Posted by: Bob Quinn on July 25, 2016 at 12:15 pm

Last week, AT&T’s Chairman and CEO, Randall Stephenson, received a letter from Chairman Wheeler addressing the robocalls that continue to plague our industry and our customers.  AT&T agrees that decisive action is needed. Indeed, AT&T has separately called for the development of comprehensive and industry-wide solutions to address these unwanted, illegal and often fraudulent calls.

As the letter noted, telecommunications providers must play a vital role in attacking the robocalling problem and AT&T is prepared to take a leadership position in the industry in the development of comprehensive solutions. We currently allow many of our customers to block calls using black-listing software like Nomorobo and we are committed to providing our customers with the best blocking tools available for use with their knowledge and consent.

But call blocking alone will not address the problem as robocallers continue to develop ways to evade established filters and black lists. To effectively stem the tide of these calls, the communications industry – network providers, handset makers and device OS developers alike – must work together to ensure that only calls from legitimate callers and those associated with legitimate and unaltered numbers are sent to consumer phones.

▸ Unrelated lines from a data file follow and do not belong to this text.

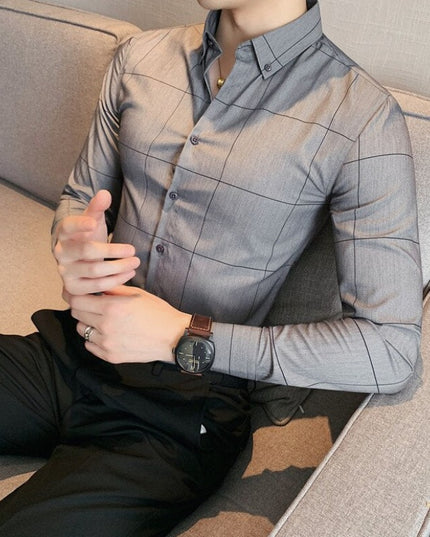 Męska koszula dopasowana w kratę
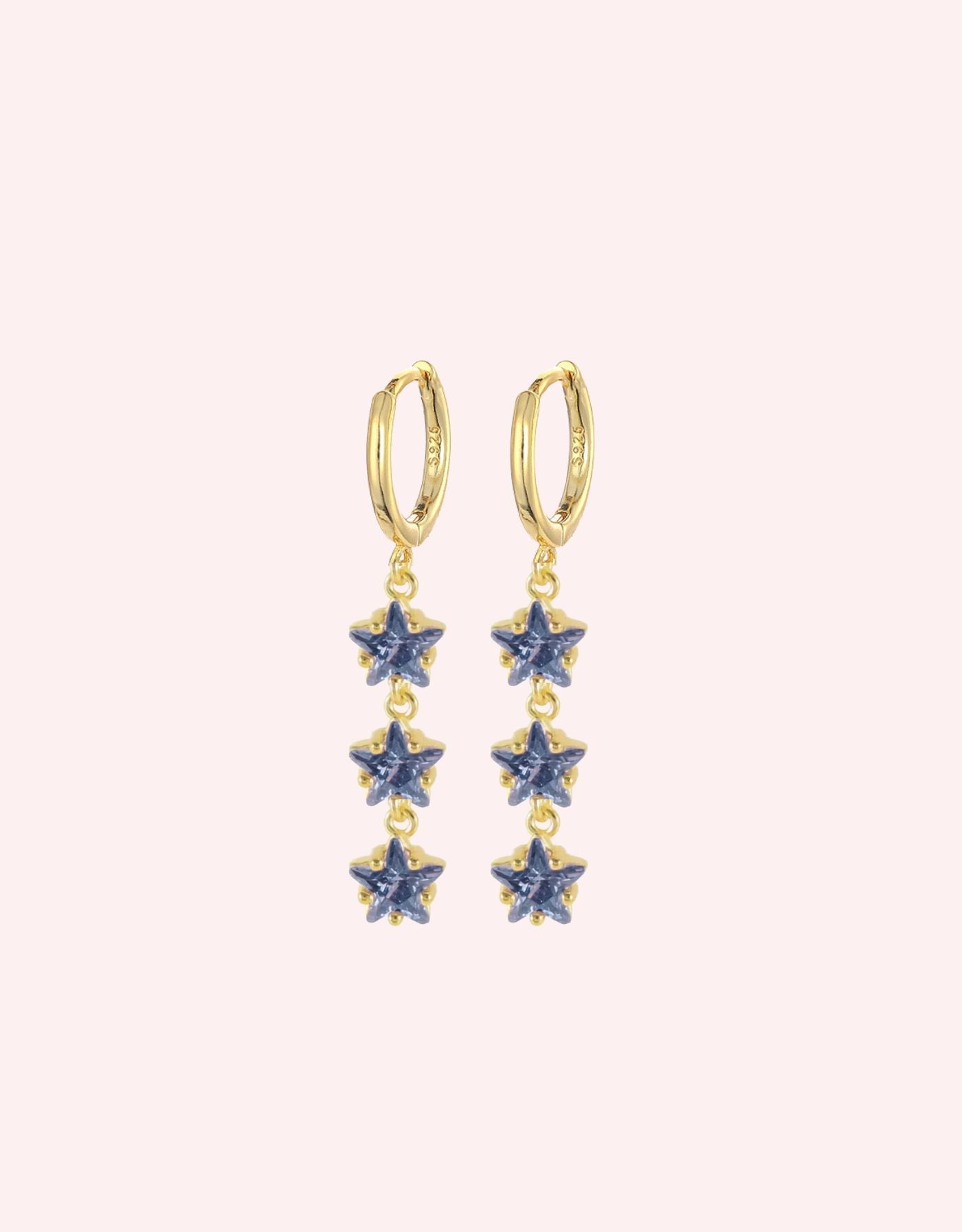 Jelly star huggies gold/blue - Smoothie London - Sterling Silver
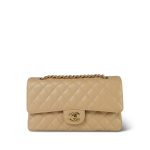 Beige Clair Caviar Quilted Medium Classic Flap Gold Hardware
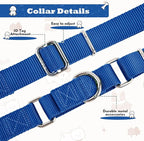 Martingale Collar for Dogs with Quick Release Buckle, Heavy-Duty Solid Color Nylon Training Collars - Adjustable No-Slip Design for Medium & Large Dog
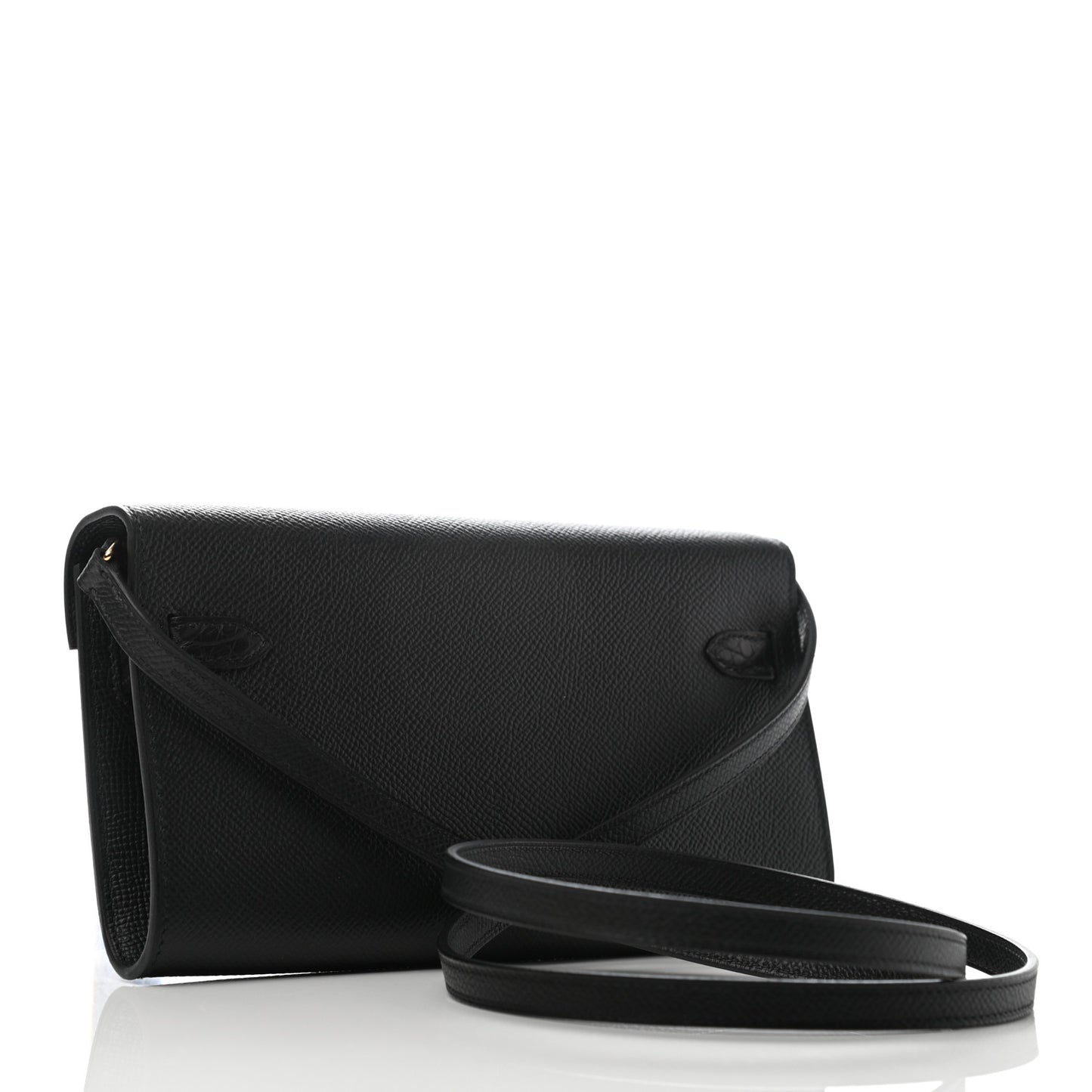 Epsom Matte Alligator Touch Kelly Wallet To Go Black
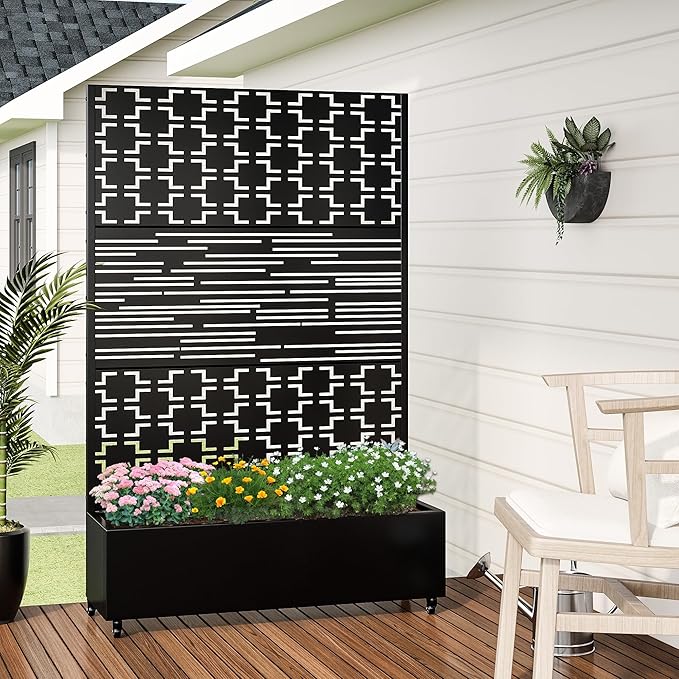Casaphoria Metal Raised Garden Bed with Trellis and Wheels, 72"x47"x16" Planter Box for Climbing Plants, Vegetables & Vines, Features Drainage Holes and Privacy Screen, Black(Parallel&Louvered)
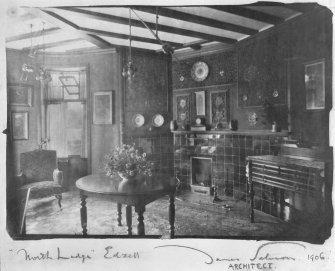View of '"North Lodge" Edzell.  Ground Floor Sitting Room'.
Signed 'James Salmon Architect'.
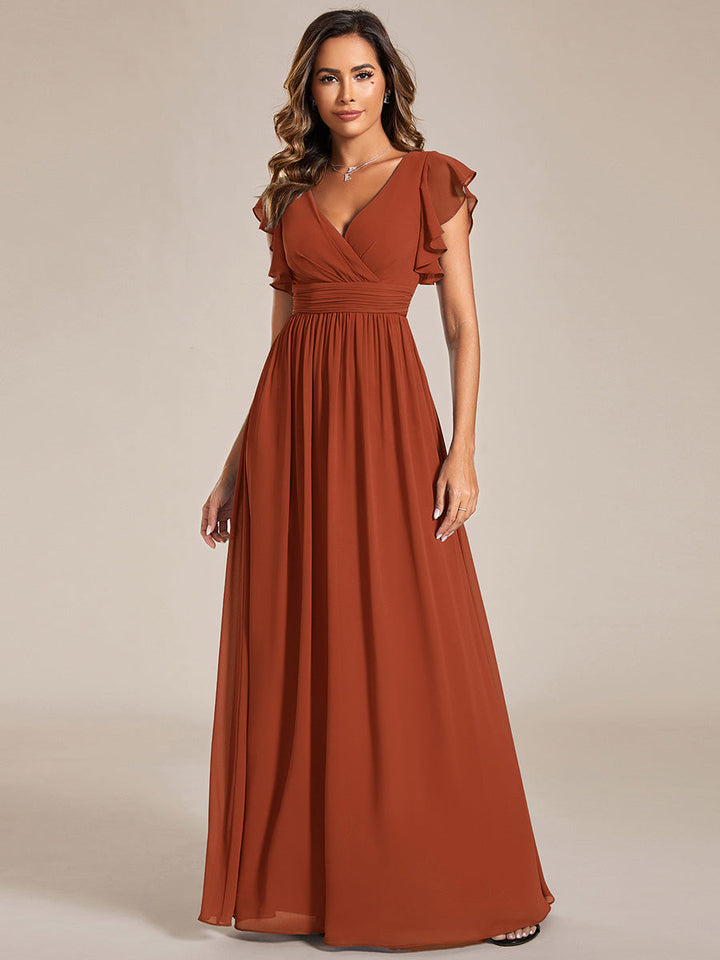 Liliana | Abito da damigella in chiffon con maniche plissettate e scollatura sul retro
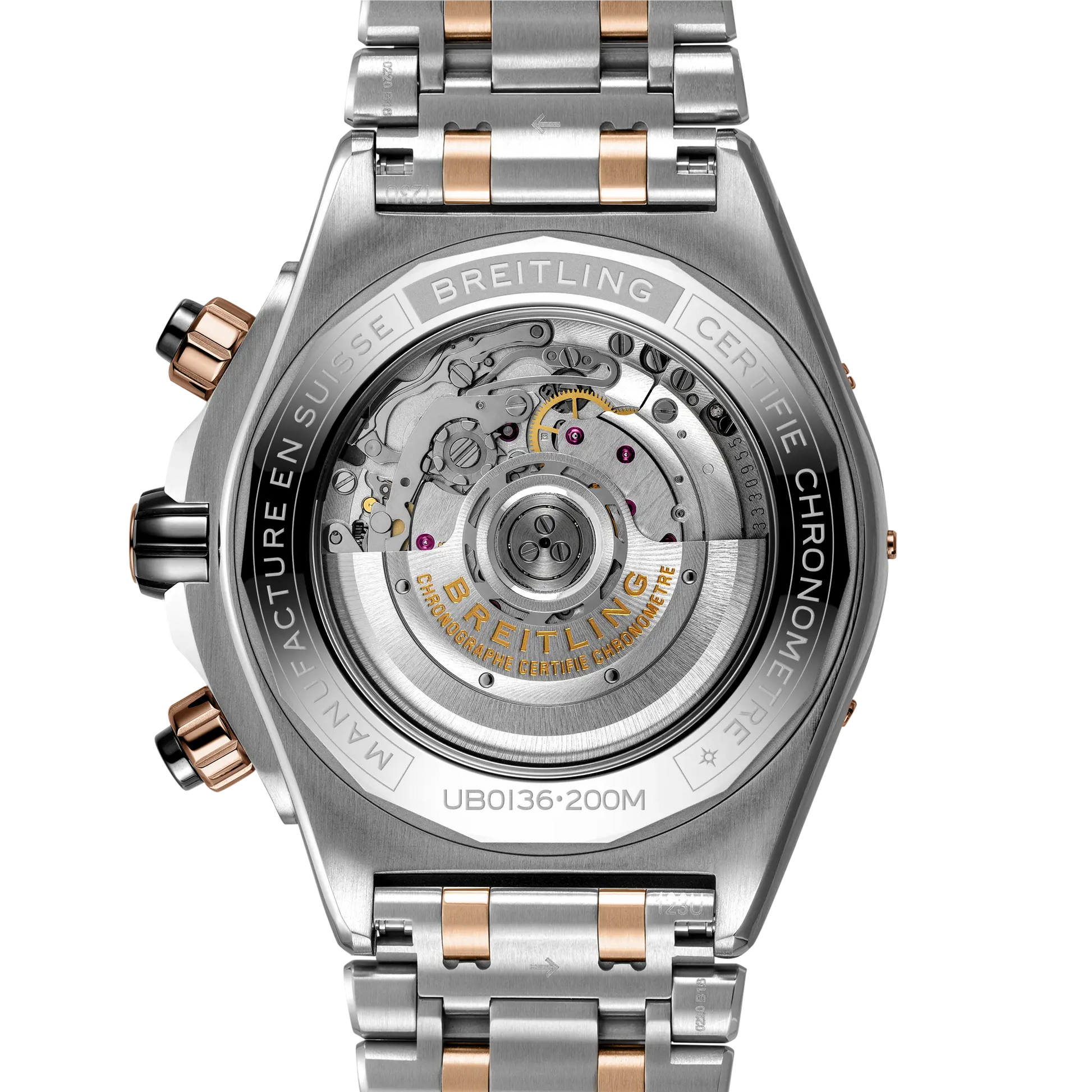 Caseback view of Breitling Super Chronomat B01 44 reference UB0136251L1U1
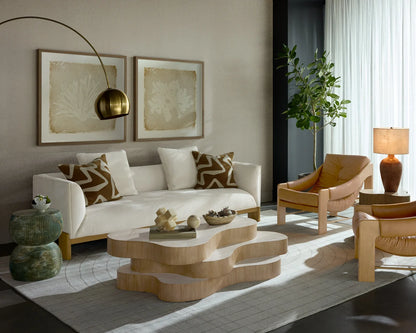 Geddes Coffee Table - Travertine Look - Cream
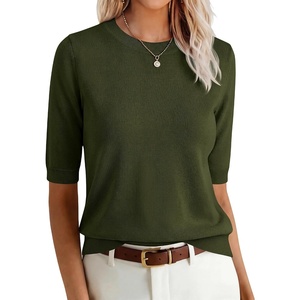 image:imageANRABESS Women Short Sleeve Crewneck Lightweight Summer Sweaters  Wool Blend Soft knit Tops Half Sleeve Shirts Work Business Casual Outfits Fall Spring PulloverArmy Green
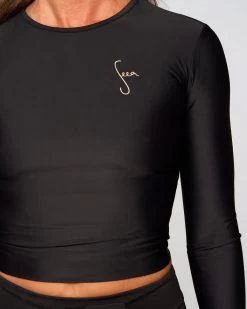 Palomar Crop Top Rashguard - Black -Seea Shop SEEA Palomar Rashguard Black 4X5 12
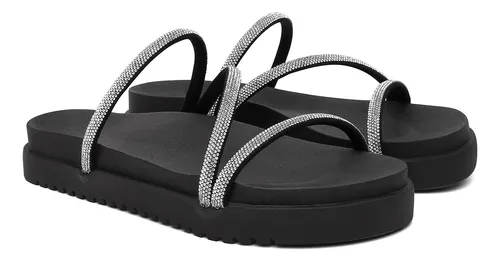 comprar Sandália Feminina Papete Birken Flatform Brilho Strass Luxo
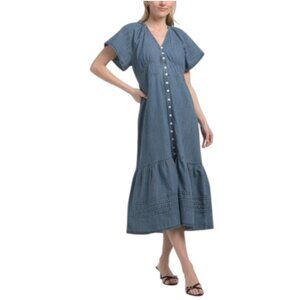 LEA Flutter Sleeve Ruched Waist Denim Midi Dress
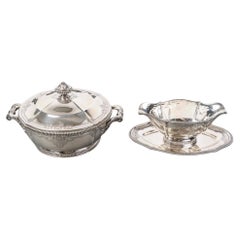 Lapparra - Vegetable Dish And Sauce Boat In Solid Silver Circa 19th Century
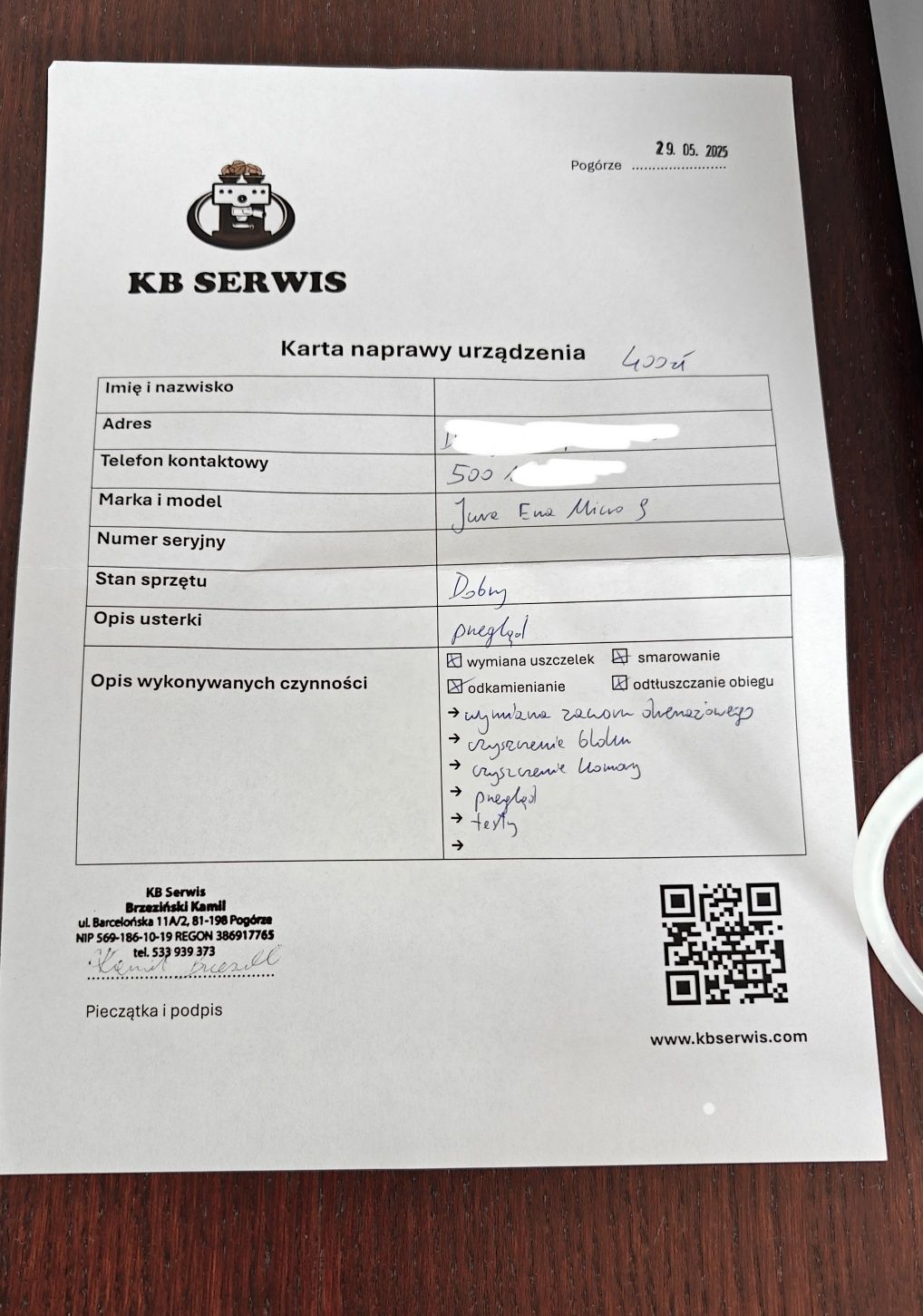 Automatuczny ekspres do kawy Jura Ena Micro 9, świeżo po przeglądzie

For these reasons, and at the request of Chairman Wheeler, Mr. Stephenson has agreed to chair a new Robocalling Strike Force, the mission of which will be to accelerate the development and adoption of new tools and solutions to abate the proliferation of robocalls and to make recommendations to the FCC on the role government can play in this battle.

Furthermore, in a response to the FCC today, AT&T confirmed and committed to the specific requests in Chairman Wheeler’s letter: AT&T will conform to emerging IETF and ATIS VOIP caller ID verification standards as soon as they are available; AT&T will investigate and adopt, where viable, SS7 solutions associated with VOIP calls, in accordance with adopted verification standards; AT&T will work together with the industry, the standards bodies and through the new task force on a “Do Not Originate” list for the purpose of identifying suspicious calls originating outside of the United States; and AT&T will facilitate efforts by other carriers to adopt call blocking technologies on their networks.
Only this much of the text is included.